◆ **SOURCE MATERIAL**
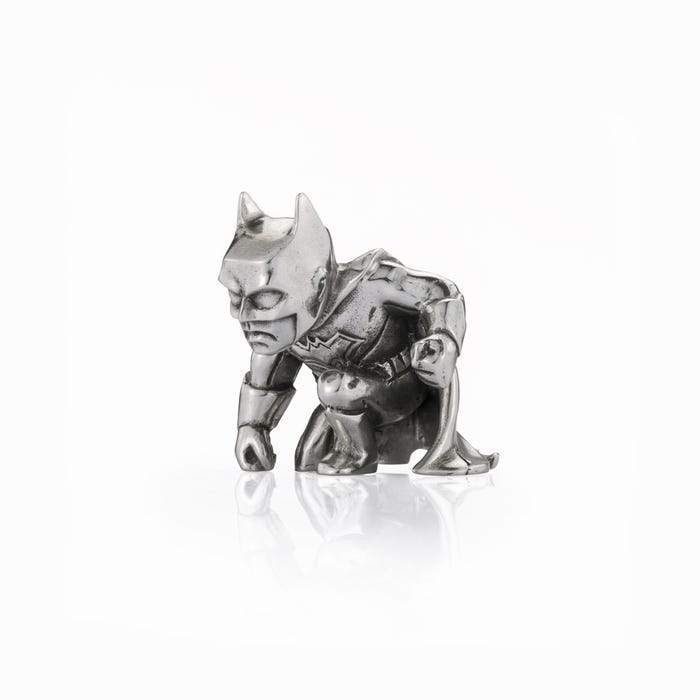 Royal Selangor DC Comics Batman Rebirth Mini Figurine — detail view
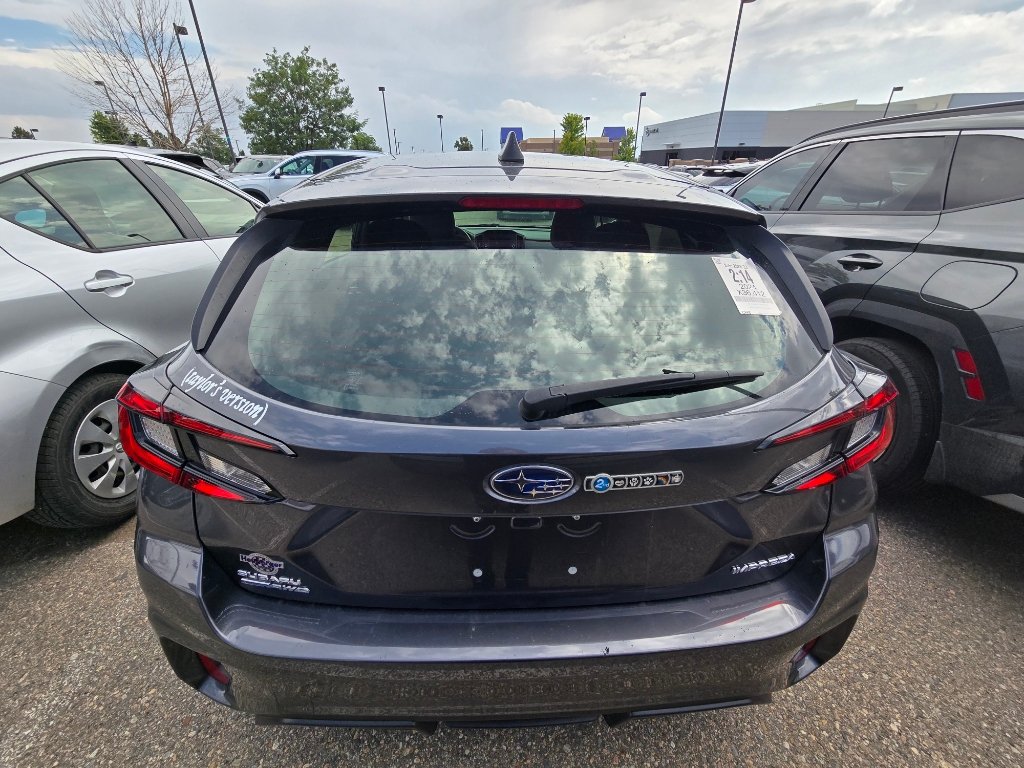 Used 2024 Subaru Impreza 2.0i AWD/4WD image 16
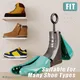 Repacego 1 pièces civière de chaussures arbres à chaussures universel unisexe hommes femmes longueur réglable largeur haute basse chaussures Extender gardien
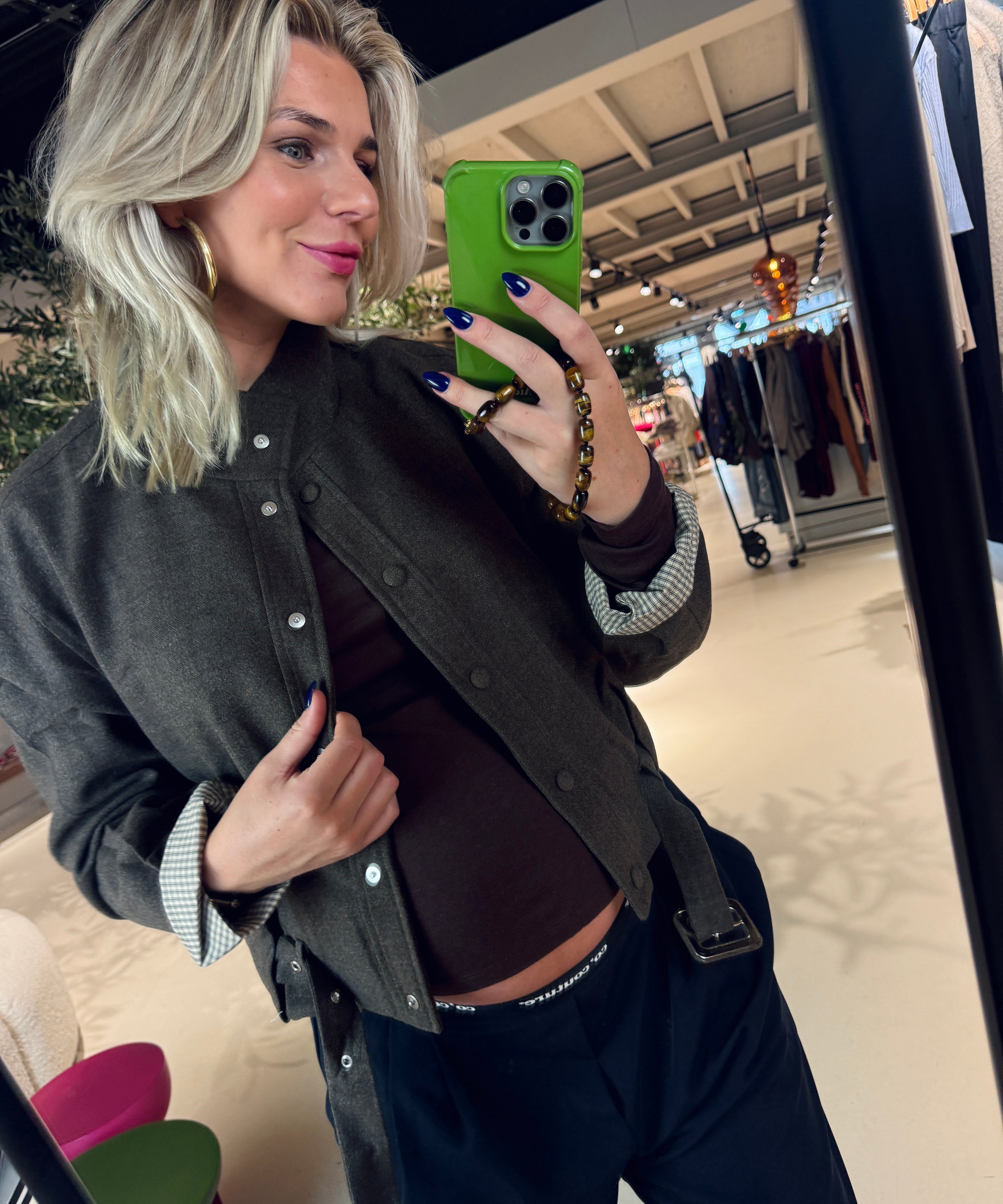 Inger Jacket van Circle of Trust | RIXT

◆ **YOUR INSTRUCTIONS**
Your answer must reproduce exactly the lines from the line with "Used 2024 Subaru" through the end of the material, both ends included, with every picture dropped.

◆ **FINISHED TASK**
 Used 2024 Subaru Impreza 2.0i AWD/4WD image 16
 Repacego 1 pièces civière de chaussures arbres à chaussures universel unisexe hommes femmes longueur réglable largeur haute basse chaussures Extender gardien
 Inger Jacket van Circle of Trust | RIXT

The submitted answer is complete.